Yemek duayla başlar:
Bismillahirrahmanirrahim.
Allahımız'a hamdolsun.
Ordu millet var olsun.
Vatan hainleri kahrolsun!
Yemek gelir önüne konulur,
ayakta hazır olda dua okunur.
Ama yine el süremezsin yemeğe.
Önce komutanın "Afiyet olsun!"
demesi lazım ki yemeye başlayabilesin.
Öyle beklersin hazır olda.
Bazen komutan çeker gider, afiyet olsun
demeden. On beş, yirmi, yirmi beş dakika,
yemek önünde, sen hazır olda beklersin.
Sonra gelir komutan,
"Getirin yemekleri!" der,
sonra hepsini döktürür,
"Şimdi sikimi yiyin!"
der ve gider.
Mahkemeye gidiş gelişler başka âlemdi.
O tarihte koğuş sorumlusu şöyle anlatır
mahkeme faslını:
"Eller arkadan kelepçelenir.
Kelepçelerin içinden bir zincir geçer.
Yetmiş seksen kişi zincirli. Biri düştü mü,
herkes düşer yere. Ve herkes dayak yer.
Mahkemede, sırada oturuyorsun.
Asker gözünün içine bakar.
Çünkü senin gözün hiç kıpırdamayacak.
Avukatına bile bakamazsın, yasak!
Benim avukat var mı, yok mu,
bazen anlamazdım. Gözün kaydı mı,
tekmil vermek zorundasın
hapishaneye döndüğünde:
"Emret komutanım,
vukuatım vardır
komutanım."
"Dayak vaziyeti al!"
Haftada 2 bin lira para gelmesine izin
verirler. Bir başkasından 2 bin fazla
geldi mi o hafta, yanarsın.
Yani para örgütten mi geldi kuşkusu...
Ve dayak!
Korkardık, kimseden ekstra para
gelmesin diye dua ederdik.
Gece tuvalete gitme yasağı olduğu için,
büyük küçük abdestini altına kaçıranlarda
sabahleyin durumlarını tekmil vererek
komutana bildirmek mecburiyetindeydiler.
İstisnasız bütün vukuatlar sabahleyin
komutana söylenirdi. Çünkü, koğuşta
sık sık değiştirdikleri zayıf karakterli
ajanları vardı. İlgili şahıs kendi vukuatını
kendisi bildirmezse, ajanlar mutlaka bildirirlerdi.

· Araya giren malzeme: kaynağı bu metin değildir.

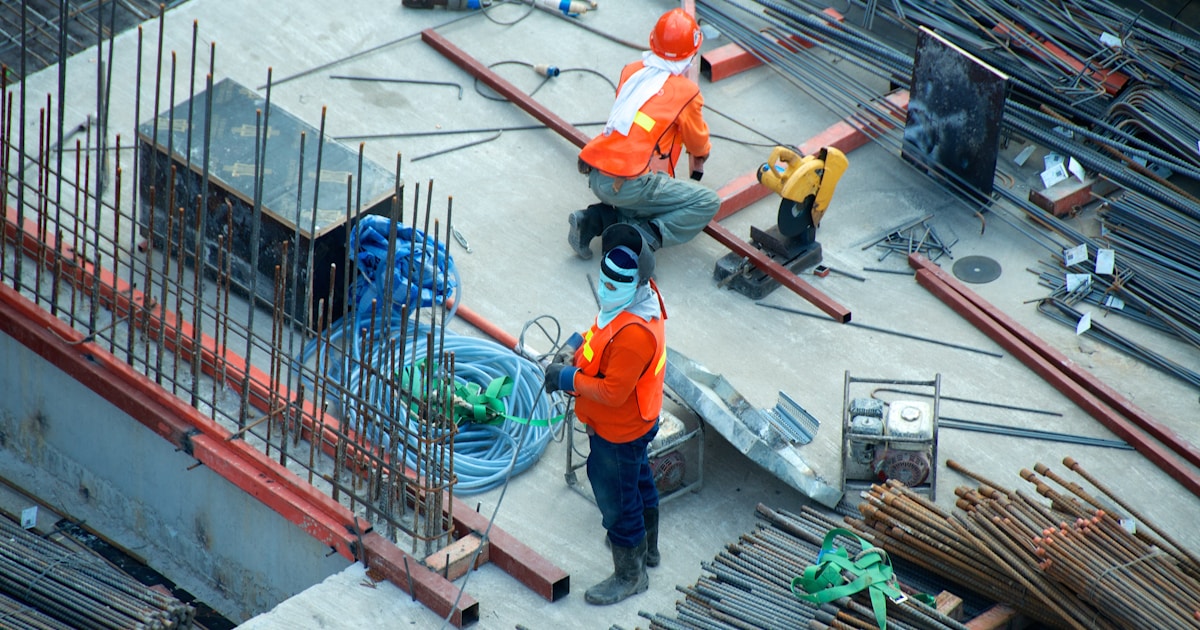 Edificio en construcción representando la compra en pozo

Dizüstü çökertir ya da hazır ola geçirtir,
sonra da derler ki:
Annen, bacın elimizde;
her şeyi yaparız!
Pis sular çatıdan gelen
yağmur oluğuna bağlanmıştı.
Pislik tıkanınca taşardı.
Plastik bidonlara doldururduk.
Aynı bidona su doldurur
getirirler, suyu ondan içerdik.
Yemek çok az verilirdi.
Bir bakarsın bir gün tamamen tuzlu.
Ve yemeği bitirmek zorundasın.
Bundan sonra da üç gün su yasağı
koyarlardı.
Tek tip eşofman verdiler.
Numaralı hepsi. Kırmızı ve mavi renkli.
Eşofmanlar üstünde ıslak kalırdı.
İshal olursun.
Gece tuvalete çıkma yasağı vardı.
Gece gidersen, bunu ihbar etmeyen
daha çok dayak yerdi.
Diyarbakır 5 No'lu Cezaevi'nin avlusunda tutuklu ve hükümlüler
tek tip kıyafetle "uygun adım" yürütülürken
Bir bakarsın gece beş on asker ansızın gelir:
"Kule yapın!"
En alttakinden yukarı doğru huni biçimde,
giderek azalır tarzda üst üste yığılırsın.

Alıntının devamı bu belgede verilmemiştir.